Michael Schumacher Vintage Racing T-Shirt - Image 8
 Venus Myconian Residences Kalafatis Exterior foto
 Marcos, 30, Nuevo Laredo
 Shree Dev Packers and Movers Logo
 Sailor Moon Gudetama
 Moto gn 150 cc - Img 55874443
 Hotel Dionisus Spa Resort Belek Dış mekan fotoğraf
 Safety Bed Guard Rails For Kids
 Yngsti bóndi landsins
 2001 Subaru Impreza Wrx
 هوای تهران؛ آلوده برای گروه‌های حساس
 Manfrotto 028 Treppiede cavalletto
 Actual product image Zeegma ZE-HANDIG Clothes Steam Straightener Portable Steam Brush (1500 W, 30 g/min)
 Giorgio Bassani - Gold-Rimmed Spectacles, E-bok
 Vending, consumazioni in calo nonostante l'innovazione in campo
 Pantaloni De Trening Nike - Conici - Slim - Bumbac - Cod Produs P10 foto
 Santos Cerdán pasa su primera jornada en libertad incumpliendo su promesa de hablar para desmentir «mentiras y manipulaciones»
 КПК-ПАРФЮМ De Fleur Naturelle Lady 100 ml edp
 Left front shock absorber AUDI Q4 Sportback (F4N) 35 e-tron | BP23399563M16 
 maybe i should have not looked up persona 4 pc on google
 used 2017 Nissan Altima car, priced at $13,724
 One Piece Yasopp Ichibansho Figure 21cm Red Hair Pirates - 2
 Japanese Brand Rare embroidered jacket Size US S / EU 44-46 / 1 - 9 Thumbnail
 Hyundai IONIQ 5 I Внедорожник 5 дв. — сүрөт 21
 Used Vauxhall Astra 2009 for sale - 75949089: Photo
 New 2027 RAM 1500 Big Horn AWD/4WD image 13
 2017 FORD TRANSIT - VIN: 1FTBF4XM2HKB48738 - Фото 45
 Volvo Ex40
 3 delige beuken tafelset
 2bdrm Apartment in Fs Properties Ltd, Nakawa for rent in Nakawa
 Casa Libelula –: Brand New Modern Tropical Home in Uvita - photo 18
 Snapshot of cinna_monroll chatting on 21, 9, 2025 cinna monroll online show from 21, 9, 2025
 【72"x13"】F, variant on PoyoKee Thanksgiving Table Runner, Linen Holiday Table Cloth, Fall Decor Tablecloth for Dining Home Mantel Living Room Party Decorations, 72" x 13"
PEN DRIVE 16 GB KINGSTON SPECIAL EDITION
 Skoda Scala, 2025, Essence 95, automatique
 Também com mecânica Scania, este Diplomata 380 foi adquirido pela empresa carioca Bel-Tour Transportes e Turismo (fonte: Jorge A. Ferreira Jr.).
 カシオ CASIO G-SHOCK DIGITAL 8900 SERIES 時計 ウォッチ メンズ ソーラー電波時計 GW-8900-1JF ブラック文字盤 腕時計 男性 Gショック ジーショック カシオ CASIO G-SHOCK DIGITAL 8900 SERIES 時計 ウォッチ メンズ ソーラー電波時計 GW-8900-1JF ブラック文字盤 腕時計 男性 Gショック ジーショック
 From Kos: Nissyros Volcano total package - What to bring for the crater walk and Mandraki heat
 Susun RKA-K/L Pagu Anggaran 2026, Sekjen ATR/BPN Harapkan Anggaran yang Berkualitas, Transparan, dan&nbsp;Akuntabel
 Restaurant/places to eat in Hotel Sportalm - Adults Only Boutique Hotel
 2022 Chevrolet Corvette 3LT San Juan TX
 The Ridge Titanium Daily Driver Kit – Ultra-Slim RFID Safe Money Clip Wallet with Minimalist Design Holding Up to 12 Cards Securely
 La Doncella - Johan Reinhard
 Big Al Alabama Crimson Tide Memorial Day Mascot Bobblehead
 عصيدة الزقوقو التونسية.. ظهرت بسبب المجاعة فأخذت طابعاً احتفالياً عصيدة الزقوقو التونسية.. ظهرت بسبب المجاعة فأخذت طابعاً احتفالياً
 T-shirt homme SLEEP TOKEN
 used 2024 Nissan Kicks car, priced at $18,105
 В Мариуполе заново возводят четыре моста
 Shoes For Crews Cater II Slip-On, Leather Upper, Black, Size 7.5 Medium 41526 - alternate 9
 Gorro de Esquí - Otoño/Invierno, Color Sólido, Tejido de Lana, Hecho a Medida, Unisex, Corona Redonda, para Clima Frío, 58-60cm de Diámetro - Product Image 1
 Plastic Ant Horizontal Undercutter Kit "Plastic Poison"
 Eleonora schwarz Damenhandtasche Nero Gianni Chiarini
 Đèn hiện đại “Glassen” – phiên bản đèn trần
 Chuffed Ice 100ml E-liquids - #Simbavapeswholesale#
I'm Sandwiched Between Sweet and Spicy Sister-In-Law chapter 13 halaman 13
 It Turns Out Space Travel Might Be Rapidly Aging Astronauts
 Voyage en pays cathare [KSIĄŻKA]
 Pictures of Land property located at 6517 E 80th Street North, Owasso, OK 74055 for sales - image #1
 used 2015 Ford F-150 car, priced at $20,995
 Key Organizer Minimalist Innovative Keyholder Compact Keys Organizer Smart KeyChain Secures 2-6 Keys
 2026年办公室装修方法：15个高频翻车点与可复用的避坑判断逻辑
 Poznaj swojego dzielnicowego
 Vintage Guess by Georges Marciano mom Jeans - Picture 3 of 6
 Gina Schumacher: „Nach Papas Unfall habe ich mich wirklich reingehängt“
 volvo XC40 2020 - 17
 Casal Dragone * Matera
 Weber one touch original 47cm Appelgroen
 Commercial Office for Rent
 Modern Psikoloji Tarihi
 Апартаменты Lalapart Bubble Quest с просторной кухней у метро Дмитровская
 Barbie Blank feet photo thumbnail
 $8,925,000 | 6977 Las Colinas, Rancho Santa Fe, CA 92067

=-=-=

DIRECTIONS FOR THIS TASK:
Working from the records above, write out verbatim only the lines from the line containing "Marcos, 30, Nuevo Laredo" through the line containing "variant on PoyoKee".

RESPONSE TO THIS EXERCISE:
 Marcos, 30, Nuevo Laredo
 Shree Dev Packers and Movers Logo
 Sailor Moon Gudetama
 Moto gn 150 cc - Img 55874443
 Hotel Dionisus Spa Resort Belek Dış mekan fotoğraf
 Safety Bed Guard Rails For Kids
 Yngsti bóndi landsins
 2001 Subaru Impreza Wrx
 هوای تهران؛ آلوده برای گروه‌های حساس
 Manfrotto 028 Treppiede cavalletto
 Actual product image Zeegma ZE-HANDIG Clothes Steam Straightener Portable Steam Brush (1500 W, 30 g/min)
 Giorgio Bassani - Gold-Rimmed Spectacles, E-bok
 Vending, consumazioni in calo nonostante l'innovazione in campo
 Pantaloni De Trening Nike - Conici - Slim - Bumbac - Cod Produs P10 foto
 Santos Cerdán pasa su primera jornada en libertad incumpliendo su promesa de hablar para desmentir «mentiras y manipulaciones»
 КПК-ПАРФЮМ De Fleur Naturelle Lady 100 ml edp
 Left front shock absorber AUDI Q4 Sportback (F4N) 35 e-tron | BP23399563M16 
 maybe i should have not looked up persona 4 pc on google
 used 2017 Nissan Altima car, priced at $13,724
 One Piece Yasopp Ichibansho Figure 21cm Red Hair Pirates - 2
 Japanese Brand Rare embroidered jacket Size US S / EU 44-46 / 1 - 9 Thumbnail
 Hyundai IONIQ 5 I Внедорожник 5 дв. — сүрөт 21
 Used Vauxhall Astra 2009 for sale - 75949089: Photo
 New 2027 RAM 1500 Big Horn AWD/4WD image 13
 2017 FORD TRANSIT - VIN: 1FTBF4XM2HKB48738 - Фото 45
 Volvo Ex40
 3 delige beuken tafelset
 2bdrm Apartment in Fs Properties Ltd, Nakawa for rent in Nakawa
 Casa Libelula –: Brand New Modern Tropical Home in Uvita - photo 18
 Snapshot of cinna_monroll chatting on 21, 9, 2025 cinna monroll online show from 21, 9, 2025
 【72"x13"】F, variant on PoyoKee Thanksgiving Table Runner, Linen Holiday Table Cloth, Fall Decor Tablecloth for Dining Home Mantel Living Room Party Decorations, 72" x 13"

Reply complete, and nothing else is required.